The argument goes that EV/Sales is a better measure than Price/Sales because both sales and EV take debt and equity into consideration. That said, the performance of the two ratios is fairly similar. Cheap outperforms expensive and the universe. Though, EV/Sales has a slight edge over Price/Sales in the cheapest decile.
Gross profit is earnings minus the cost of goods sold. It measures a company’s ability to produce things efficiently. The cheapest GP/EV companies perform best. More telling is that the most expensive (the lowest) GP/EV companies are net losers, on average.
EBIT is earnings before interest and taxes. The theory with EBIT/EV is that it’s easier to compare companies after being normalized for interest and taxes. Not everyone agrees, obviously, but the pattern still holds.

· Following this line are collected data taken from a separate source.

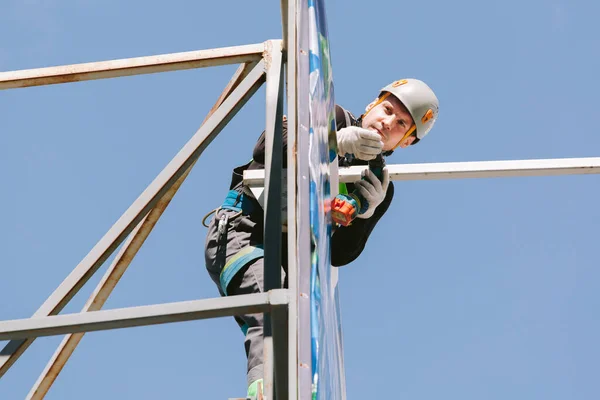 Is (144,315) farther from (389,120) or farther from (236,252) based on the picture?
(389,120)

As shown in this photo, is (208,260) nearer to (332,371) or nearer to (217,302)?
(332,371)

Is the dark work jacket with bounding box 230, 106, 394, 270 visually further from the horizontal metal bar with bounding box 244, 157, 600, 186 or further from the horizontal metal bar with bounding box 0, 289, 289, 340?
the horizontal metal bar with bounding box 0, 289, 289, 340

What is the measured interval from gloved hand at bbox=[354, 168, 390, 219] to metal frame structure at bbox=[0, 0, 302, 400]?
1.11 metres

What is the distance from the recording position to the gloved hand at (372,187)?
8445 millimetres

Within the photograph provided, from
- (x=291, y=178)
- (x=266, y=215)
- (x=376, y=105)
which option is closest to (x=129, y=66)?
(x=266, y=215)

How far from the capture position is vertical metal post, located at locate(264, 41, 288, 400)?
618 centimetres

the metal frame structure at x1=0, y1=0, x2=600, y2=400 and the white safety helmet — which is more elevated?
the white safety helmet

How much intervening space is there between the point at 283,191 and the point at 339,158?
1.30 meters

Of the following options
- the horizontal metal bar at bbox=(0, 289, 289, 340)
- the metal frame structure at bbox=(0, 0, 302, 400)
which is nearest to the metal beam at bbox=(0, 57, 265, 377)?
the metal frame structure at bbox=(0, 0, 302, 400)

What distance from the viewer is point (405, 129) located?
9.57 metres

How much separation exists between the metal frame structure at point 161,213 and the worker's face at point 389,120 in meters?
1.55

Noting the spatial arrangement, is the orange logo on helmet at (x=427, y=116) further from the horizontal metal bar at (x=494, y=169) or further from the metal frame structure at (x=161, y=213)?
the metal frame structure at (x=161, y=213)

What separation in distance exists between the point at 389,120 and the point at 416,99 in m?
0.27

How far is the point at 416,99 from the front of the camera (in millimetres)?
9469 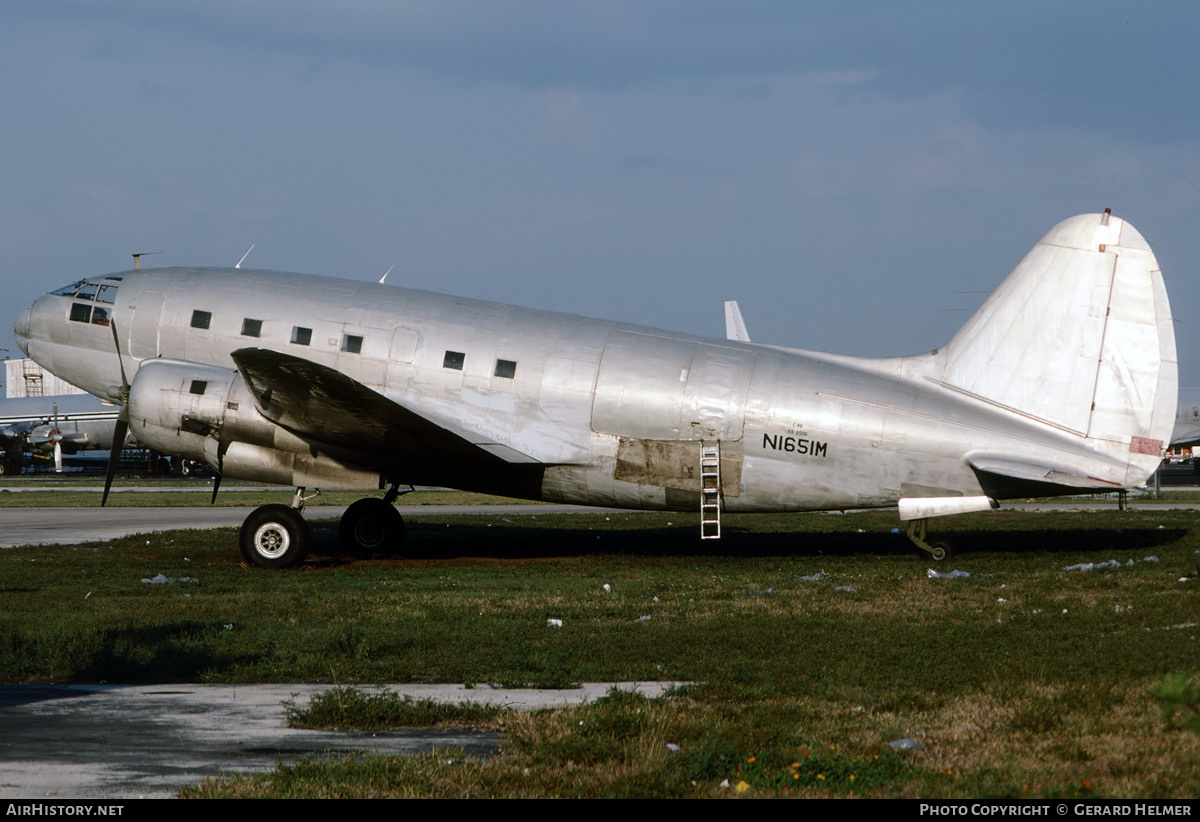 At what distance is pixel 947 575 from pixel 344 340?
36.3ft

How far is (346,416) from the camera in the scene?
60.4 ft

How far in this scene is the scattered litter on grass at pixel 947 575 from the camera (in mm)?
16753

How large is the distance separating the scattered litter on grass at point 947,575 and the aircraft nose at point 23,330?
58.0 feet

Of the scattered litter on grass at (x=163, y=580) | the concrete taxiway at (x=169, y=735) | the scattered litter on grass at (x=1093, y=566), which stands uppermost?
the scattered litter on grass at (x=1093, y=566)

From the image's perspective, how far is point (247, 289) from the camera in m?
20.5

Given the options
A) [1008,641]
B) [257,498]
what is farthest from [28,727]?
[257,498]

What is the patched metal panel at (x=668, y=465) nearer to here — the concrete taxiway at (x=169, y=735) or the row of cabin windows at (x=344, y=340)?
the row of cabin windows at (x=344, y=340)

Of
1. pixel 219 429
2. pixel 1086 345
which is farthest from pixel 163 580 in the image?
pixel 1086 345

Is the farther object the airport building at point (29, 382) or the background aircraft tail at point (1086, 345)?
the airport building at point (29, 382)

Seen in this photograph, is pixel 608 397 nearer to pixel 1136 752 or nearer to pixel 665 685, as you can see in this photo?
pixel 665 685

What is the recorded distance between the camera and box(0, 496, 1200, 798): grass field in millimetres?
6742

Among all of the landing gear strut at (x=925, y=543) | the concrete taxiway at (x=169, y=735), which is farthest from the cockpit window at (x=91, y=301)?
the landing gear strut at (x=925, y=543)

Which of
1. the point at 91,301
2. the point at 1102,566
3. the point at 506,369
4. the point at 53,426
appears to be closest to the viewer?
the point at 1102,566

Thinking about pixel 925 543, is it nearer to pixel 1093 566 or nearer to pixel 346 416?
pixel 1093 566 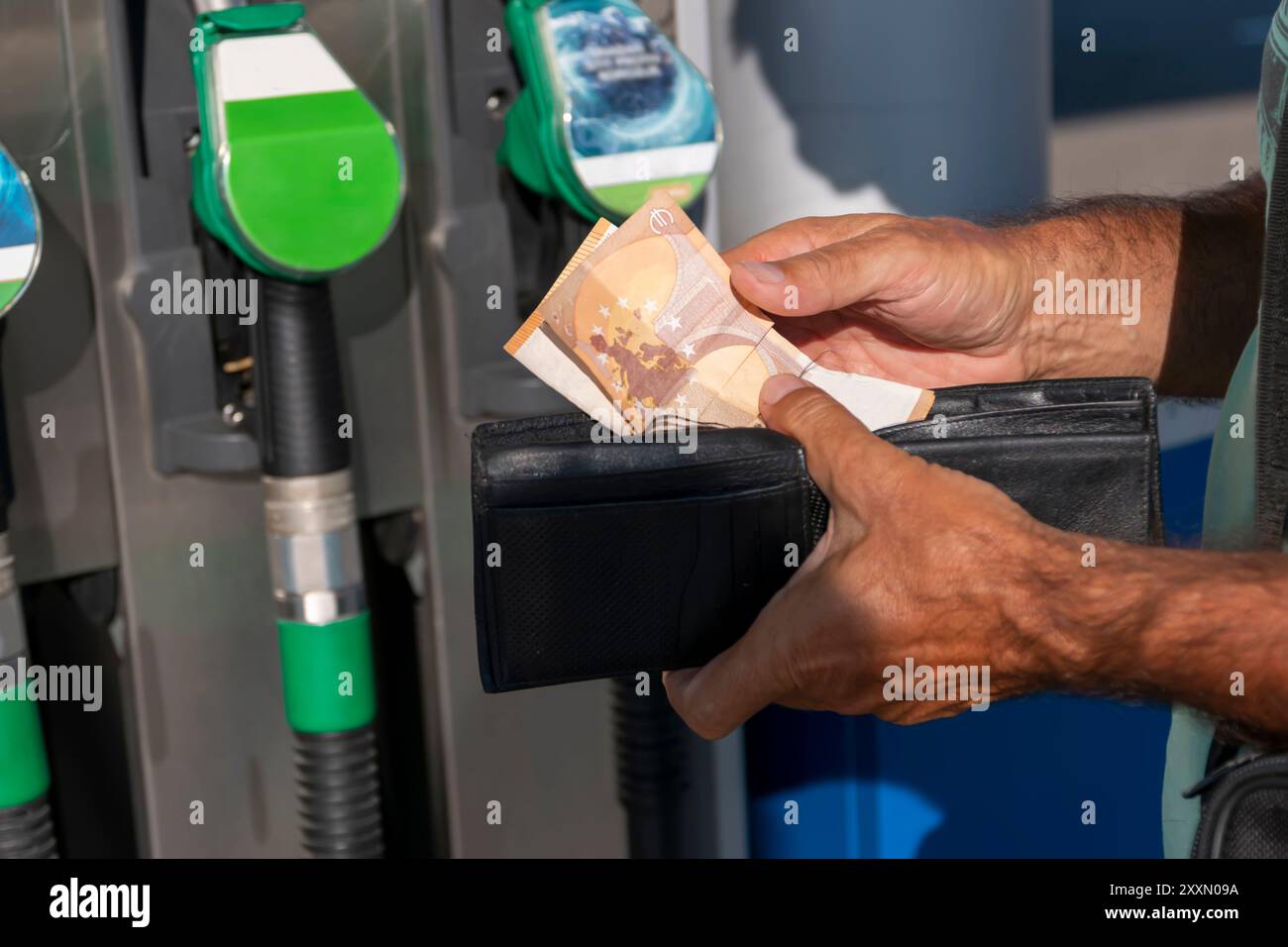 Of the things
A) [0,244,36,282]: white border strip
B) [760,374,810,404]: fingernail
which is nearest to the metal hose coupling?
[0,244,36,282]: white border strip

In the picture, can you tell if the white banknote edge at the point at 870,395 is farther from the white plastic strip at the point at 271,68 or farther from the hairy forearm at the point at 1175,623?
the white plastic strip at the point at 271,68

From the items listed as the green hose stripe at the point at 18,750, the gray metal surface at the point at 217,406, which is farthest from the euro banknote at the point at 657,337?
the green hose stripe at the point at 18,750

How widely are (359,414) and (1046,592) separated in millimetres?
745

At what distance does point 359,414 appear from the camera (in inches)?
57.9

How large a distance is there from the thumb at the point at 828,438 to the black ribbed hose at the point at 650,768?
22.6 inches

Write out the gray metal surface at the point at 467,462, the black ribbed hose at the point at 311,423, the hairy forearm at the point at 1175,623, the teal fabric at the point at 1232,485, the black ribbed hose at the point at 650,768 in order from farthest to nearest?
the black ribbed hose at the point at 650,768, the gray metal surface at the point at 467,462, the black ribbed hose at the point at 311,423, the teal fabric at the point at 1232,485, the hairy forearm at the point at 1175,623

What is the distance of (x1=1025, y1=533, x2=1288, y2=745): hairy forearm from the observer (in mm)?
963

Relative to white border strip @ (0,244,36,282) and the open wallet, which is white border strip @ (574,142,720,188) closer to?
the open wallet

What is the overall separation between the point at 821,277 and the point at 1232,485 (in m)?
0.35

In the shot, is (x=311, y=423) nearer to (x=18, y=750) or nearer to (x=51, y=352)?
(x=51, y=352)

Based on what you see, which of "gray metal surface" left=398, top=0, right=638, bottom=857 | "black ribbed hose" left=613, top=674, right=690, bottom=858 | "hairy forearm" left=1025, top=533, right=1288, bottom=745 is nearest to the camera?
"hairy forearm" left=1025, top=533, right=1288, bottom=745

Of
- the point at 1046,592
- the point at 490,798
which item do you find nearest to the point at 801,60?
the point at 1046,592

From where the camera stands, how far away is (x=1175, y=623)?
0.98 meters

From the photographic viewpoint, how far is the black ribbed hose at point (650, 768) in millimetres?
1584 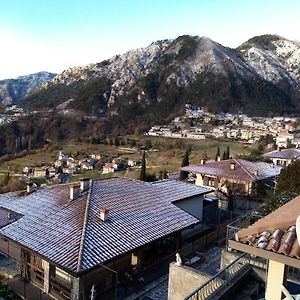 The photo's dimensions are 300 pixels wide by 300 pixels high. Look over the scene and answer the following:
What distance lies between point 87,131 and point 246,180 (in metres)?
112

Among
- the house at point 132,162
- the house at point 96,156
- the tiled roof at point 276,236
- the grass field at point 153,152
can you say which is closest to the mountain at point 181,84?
the grass field at point 153,152

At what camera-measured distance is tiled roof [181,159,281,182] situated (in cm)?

Cheap outperforms expensive again.
EBITDA takes EBIT a step further with earnings before interest, taxes, depreciation, and amortization. EBITDA has its critics too, and rightly so. Taking earnings before everything can make the most unprofitable company look great. In other words, it’s easy to manipulate.
But the pattern of outperformance still stands. The cheapest outperforms the most expensive. That said, there is a notable dropoff in performance from the second cheapest to the cheapest decile.
Operating earnings to EV was written up in the book The Acquirer’s Multiple (also goes by the same name). Operating earnings start with revenue, then subtracts the cost of goods sold, general and admin costs, depreciation, and amortization. This avoids one-off extraordinary items or expenses that can inflate/deflate earnings.
It’s one of the better-performing metrics. Again, cheap beats expensive but with the most expensive stocks being net losers, on average.
Operating Cash Flow/EV
Operating cash flow is the money made from everyday business operations. The cheapest OCF/EV stocks beat the most expensive but the second-cheapest decile performs even better.
Operating Cash Flow incl. R&D/EV
The metric adds R&D expense back to operating cash flow. R&D allows companies to compete and grow. So the theory is that R&D is a net benefit to the existence of most companies. But its performance might be skewed by the fact that R&D tends to be more prevalent in certain industries.
Like the OCF/EV, cheap outperforms expensive. More importantly, the drop between the first and second-cheapest decile is gone.
Free Cash Flow/EV
Free cash flow is the money available after a company pays its expenses (operating cash flow minus CapEx). So more is better. It’s “free cash” for management to play with, pay dividends, or buy back stock. And once again, the cheapest FCF/EV stocks outperform the most expensive.
Net Free Cash Flow/EV
Net free cash flow accounts for dividends paid to shareholders. The difference between FCF/EV and Net FCF/EV is minimal.